El fenómeno inmigratorio es mucho más fácil de medir matemáticamente porque conllevó esfuerzos oficiales por parte de la monarquía a fin de estimularlo. El interés en facilitar la inmigración de ciudadanos de las Islas Canarias con destrezas agrarias, familia, capitales y esclavos es una demostración de ello. Entre 1720 y 1740 los canarios nutrieron de población caucásica a una isla que se había caracterizado desde el siglo 16 por la preeminencia del elemento africano, afro-caribeño y mulato. Sin embargo, el flujo inmigratorio más significativo no lo constituyeron aquellos sectores blancos privilegiados por el imperio español.

Desde fines del siglo 17 y durante todo el siglo 18 Puerto Rico se fue nutriendo de una considerable población afro-caribeña y africana pura que afirmaría la naturaleza mulata de la nacionalidad. Esclavos prófugos de las islas de Barlovento eran considerados libres desde que ponían pie en Puerto Rico desde 1664. Más tarde, a pesar de los prejuicios raciales de la sociedad blanca de la capital, aquellos grupos humanos pudieron consolidar una comunidad en la zona de San Mateo de Cangrejos, hoy Santurce. Los esclavos introducidos desde la Paz de Utrecht en 1713 por los ingleses, los traídos de contrabando durante buena parte del siglo 18, y los importados por compañías catalanas como la Aguirre Aristegui a partir de 1766; estimularon aquella negritud en ciernes que ha sido el elemento distintivo de todo el Gran Caribe desde la afirmación del contacto con los pueblos europeos.
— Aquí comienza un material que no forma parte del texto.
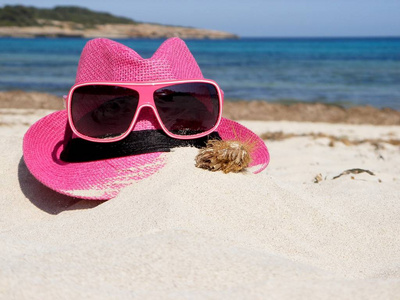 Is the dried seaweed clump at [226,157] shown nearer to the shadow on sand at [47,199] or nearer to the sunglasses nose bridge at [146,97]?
the sunglasses nose bridge at [146,97]

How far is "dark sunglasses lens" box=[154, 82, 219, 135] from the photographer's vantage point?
8.18 feet

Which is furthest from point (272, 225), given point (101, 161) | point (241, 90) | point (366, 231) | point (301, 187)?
point (241, 90)

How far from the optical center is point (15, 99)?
9.33 m

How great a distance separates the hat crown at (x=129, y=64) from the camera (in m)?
2.59

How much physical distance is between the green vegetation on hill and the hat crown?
238 ft

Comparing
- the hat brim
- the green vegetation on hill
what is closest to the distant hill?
the green vegetation on hill

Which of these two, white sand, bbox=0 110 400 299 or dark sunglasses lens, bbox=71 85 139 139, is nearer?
white sand, bbox=0 110 400 299

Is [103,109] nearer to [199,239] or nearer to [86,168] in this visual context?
[86,168]

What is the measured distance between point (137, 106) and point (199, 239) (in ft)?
3.12

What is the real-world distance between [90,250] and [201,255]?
0.38m

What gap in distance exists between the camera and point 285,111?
8.78 metres

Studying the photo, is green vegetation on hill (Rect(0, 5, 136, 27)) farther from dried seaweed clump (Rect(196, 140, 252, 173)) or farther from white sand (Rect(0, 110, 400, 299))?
dried seaweed clump (Rect(196, 140, 252, 173))

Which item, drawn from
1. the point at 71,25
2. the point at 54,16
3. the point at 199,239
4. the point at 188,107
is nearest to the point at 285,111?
the point at 188,107

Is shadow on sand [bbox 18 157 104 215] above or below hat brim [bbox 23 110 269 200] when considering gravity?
below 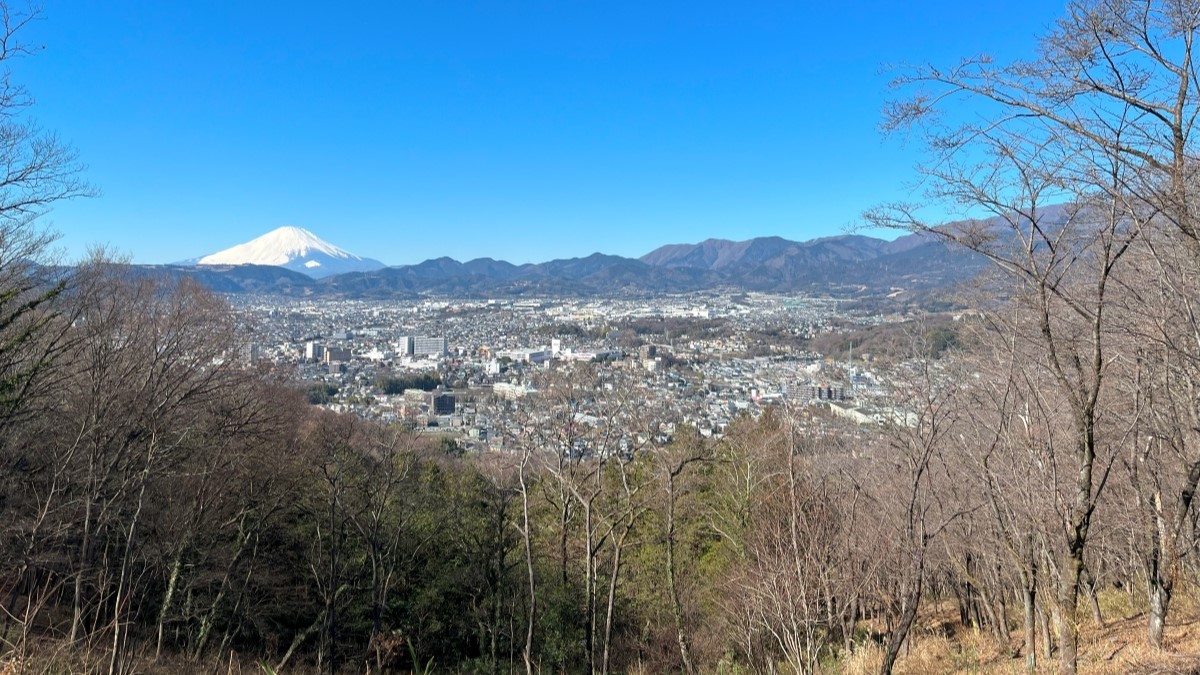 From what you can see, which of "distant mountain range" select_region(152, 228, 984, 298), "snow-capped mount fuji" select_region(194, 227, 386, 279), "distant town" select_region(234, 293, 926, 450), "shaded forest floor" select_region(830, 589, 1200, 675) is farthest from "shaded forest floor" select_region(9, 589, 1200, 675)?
"snow-capped mount fuji" select_region(194, 227, 386, 279)

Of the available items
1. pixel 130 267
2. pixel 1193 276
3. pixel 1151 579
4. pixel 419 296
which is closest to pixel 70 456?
pixel 130 267

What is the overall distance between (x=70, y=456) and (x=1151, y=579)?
11327 mm

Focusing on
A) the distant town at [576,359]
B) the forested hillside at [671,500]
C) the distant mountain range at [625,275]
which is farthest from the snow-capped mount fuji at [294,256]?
the forested hillside at [671,500]

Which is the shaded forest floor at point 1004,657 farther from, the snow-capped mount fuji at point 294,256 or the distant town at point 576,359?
the snow-capped mount fuji at point 294,256

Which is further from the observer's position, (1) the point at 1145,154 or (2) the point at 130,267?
(2) the point at 130,267

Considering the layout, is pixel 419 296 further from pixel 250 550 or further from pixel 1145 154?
pixel 1145 154

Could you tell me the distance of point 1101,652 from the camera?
17.3 feet

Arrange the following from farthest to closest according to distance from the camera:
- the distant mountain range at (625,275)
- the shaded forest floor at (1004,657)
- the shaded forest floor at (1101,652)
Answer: the distant mountain range at (625,275)
the shaded forest floor at (1101,652)
the shaded forest floor at (1004,657)

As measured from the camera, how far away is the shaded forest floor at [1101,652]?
424cm

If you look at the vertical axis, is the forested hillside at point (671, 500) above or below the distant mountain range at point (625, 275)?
below

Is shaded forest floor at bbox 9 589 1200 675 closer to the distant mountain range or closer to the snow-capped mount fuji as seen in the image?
the distant mountain range

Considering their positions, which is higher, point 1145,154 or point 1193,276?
point 1145,154

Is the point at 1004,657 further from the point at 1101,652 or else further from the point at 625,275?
the point at 625,275

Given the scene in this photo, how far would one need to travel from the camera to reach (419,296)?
3841 inches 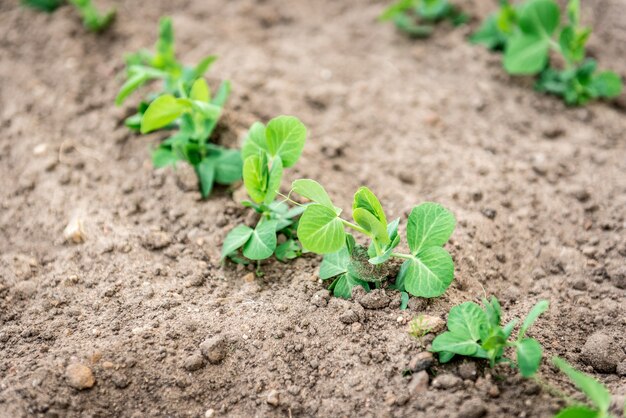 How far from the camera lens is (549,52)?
10.8 ft

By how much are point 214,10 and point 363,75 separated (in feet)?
3.56

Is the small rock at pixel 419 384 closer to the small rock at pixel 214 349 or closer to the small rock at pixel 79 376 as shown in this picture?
the small rock at pixel 214 349

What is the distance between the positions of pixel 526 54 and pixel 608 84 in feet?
1.39

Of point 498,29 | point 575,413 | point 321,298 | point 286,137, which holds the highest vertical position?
point 286,137

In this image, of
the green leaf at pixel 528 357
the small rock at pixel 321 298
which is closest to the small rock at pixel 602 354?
the green leaf at pixel 528 357

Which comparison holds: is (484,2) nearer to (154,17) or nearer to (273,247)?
(154,17)

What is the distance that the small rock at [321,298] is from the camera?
1975 mm

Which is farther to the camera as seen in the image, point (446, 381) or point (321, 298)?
point (321, 298)

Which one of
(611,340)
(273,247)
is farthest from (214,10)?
(611,340)

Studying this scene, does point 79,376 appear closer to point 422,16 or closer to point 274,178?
point 274,178

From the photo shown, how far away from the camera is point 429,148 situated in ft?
9.16

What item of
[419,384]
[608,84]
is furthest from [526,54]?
[419,384]

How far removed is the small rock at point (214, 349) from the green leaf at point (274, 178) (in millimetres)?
510

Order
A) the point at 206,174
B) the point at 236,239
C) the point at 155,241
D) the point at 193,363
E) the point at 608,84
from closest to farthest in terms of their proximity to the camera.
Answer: the point at 193,363 → the point at 236,239 → the point at 155,241 → the point at 206,174 → the point at 608,84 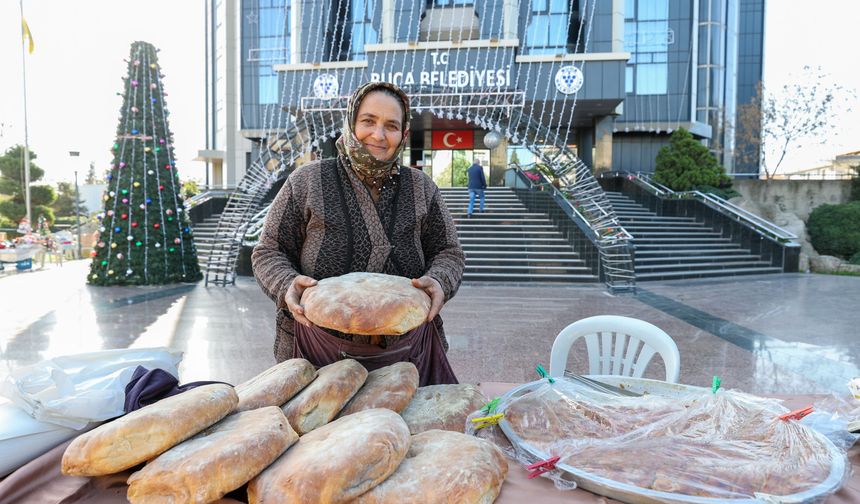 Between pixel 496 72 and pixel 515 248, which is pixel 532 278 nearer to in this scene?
pixel 515 248

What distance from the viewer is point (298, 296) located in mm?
1587

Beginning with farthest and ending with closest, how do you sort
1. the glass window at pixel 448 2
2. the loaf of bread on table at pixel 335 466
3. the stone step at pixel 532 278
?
1. the glass window at pixel 448 2
2. the stone step at pixel 532 278
3. the loaf of bread on table at pixel 335 466

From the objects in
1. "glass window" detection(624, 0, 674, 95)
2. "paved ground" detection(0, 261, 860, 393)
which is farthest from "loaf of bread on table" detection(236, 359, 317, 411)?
"glass window" detection(624, 0, 674, 95)

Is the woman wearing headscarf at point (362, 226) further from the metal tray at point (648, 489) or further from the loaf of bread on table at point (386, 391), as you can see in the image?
the metal tray at point (648, 489)

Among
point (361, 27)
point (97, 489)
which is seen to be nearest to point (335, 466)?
point (97, 489)

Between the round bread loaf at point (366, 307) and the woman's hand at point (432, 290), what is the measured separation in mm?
48

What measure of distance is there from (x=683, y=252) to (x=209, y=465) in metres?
13.8

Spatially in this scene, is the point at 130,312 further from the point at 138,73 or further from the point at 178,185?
the point at 138,73

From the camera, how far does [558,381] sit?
1633 mm

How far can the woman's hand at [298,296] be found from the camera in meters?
1.54

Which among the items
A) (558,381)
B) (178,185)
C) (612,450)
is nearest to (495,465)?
(612,450)

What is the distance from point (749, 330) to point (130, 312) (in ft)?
25.7

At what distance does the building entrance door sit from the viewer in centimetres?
2534

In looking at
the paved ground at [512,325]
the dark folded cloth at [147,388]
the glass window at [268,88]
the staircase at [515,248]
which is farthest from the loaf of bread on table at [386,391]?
the glass window at [268,88] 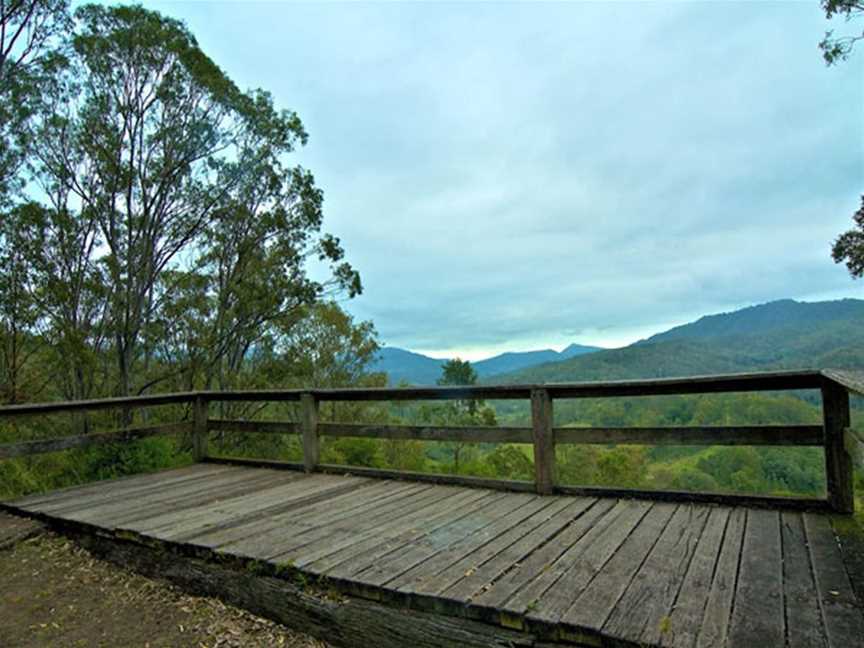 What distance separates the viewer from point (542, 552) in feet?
8.23

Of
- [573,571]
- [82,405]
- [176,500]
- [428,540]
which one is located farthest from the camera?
[82,405]

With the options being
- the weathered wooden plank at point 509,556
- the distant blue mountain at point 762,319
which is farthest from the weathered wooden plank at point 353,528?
the distant blue mountain at point 762,319

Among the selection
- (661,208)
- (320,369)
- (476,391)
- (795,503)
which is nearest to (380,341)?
(320,369)

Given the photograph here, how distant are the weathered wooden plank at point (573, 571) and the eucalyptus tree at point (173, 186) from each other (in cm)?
894

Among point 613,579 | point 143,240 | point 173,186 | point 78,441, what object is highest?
point 173,186

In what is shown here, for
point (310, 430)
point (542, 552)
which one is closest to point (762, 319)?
point (310, 430)

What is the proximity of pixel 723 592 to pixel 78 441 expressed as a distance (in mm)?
5351

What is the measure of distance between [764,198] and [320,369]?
44.4ft

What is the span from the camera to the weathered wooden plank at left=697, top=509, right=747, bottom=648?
1636 mm

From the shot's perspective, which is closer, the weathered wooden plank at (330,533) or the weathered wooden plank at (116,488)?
the weathered wooden plank at (330,533)

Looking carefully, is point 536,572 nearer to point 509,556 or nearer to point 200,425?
point 509,556

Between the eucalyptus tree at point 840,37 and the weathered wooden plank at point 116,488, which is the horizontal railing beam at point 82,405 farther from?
the eucalyptus tree at point 840,37

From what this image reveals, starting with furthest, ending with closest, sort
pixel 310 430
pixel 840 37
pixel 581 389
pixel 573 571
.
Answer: pixel 840 37 < pixel 310 430 < pixel 581 389 < pixel 573 571

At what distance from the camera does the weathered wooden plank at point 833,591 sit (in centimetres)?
162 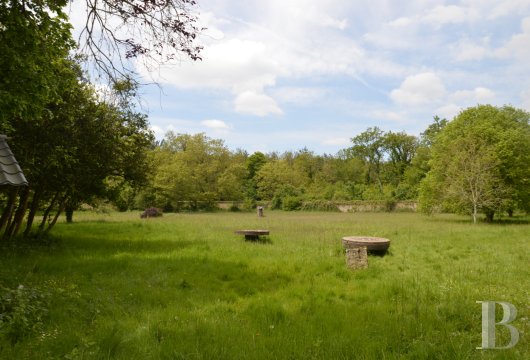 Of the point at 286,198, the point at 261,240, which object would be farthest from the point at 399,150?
the point at 261,240

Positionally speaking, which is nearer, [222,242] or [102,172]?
[102,172]

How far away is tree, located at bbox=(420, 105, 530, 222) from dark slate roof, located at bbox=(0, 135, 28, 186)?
95.2ft

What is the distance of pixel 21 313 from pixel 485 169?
30024 millimetres

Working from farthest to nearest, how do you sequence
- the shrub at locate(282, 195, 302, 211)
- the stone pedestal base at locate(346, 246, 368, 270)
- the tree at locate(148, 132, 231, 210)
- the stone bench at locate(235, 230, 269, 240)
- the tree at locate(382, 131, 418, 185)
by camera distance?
the tree at locate(382, 131, 418, 185) → the shrub at locate(282, 195, 302, 211) → the tree at locate(148, 132, 231, 210) → the stone bench at locate(235, 230, 269, 240) → the stone pedestal base at locate(346, 246, 368, 270)

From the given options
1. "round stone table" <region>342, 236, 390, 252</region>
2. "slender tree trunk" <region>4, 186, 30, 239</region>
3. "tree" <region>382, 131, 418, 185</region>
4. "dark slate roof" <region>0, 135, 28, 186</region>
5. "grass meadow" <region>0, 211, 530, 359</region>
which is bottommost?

Aquel crecimiento poblacional iba a llevar a la afirmación de ciertas localidades que luego adquirirían caracteres de pueblo así como la transformación de las más antiguas comunidades en villas con autoridades municipales formales. Aparte de la afirmación de un Vieques legalmente parte de Puerto Rico, frontera de los intereses de los ingleses en Barlovento, quizá lo más importante de este período fue precisamente que se comenzó formalmente la colonización de la Cordillera Central con la afirmación del Otoao (Utuado) original. Del mismo modo, el crecimiento poblacional forzó que entre 1730 y 1750 los partidos más grandes fuesen fragmentándose sistemáticamente en pequeñas comunidades agrarias estables a expensas de los espacios físicos de los ganaderos. Así nacieron Manatí, Calvache (Rincón), Mayagüez, Yauco, Añasco y La Tuna (Isabela), todos ellos desprendimientos o de San Germán o de Aguada, los partidos más antiguos del oeste del país. El localismo de los sangermeños se afirmó en los pueblos y villas que de él se fueron separando.

A la larga, la historia cultural de Puerto Rico se complicará aún más durante este período del siglo 18. Si la nacionalidad en ciernes iba a ser un concepto manejado por los sectores blancos esencialmente; la cultura popular, las formas distintivas de la vida cotidiana se iban a diferenciar por su carácter eminentemente mulato. La diversidad y la pluralidad se habían manifestado de una vez y por todas. Al final del siglo 18 ya se puede hablar de una cultura puertorriqueña distintiva.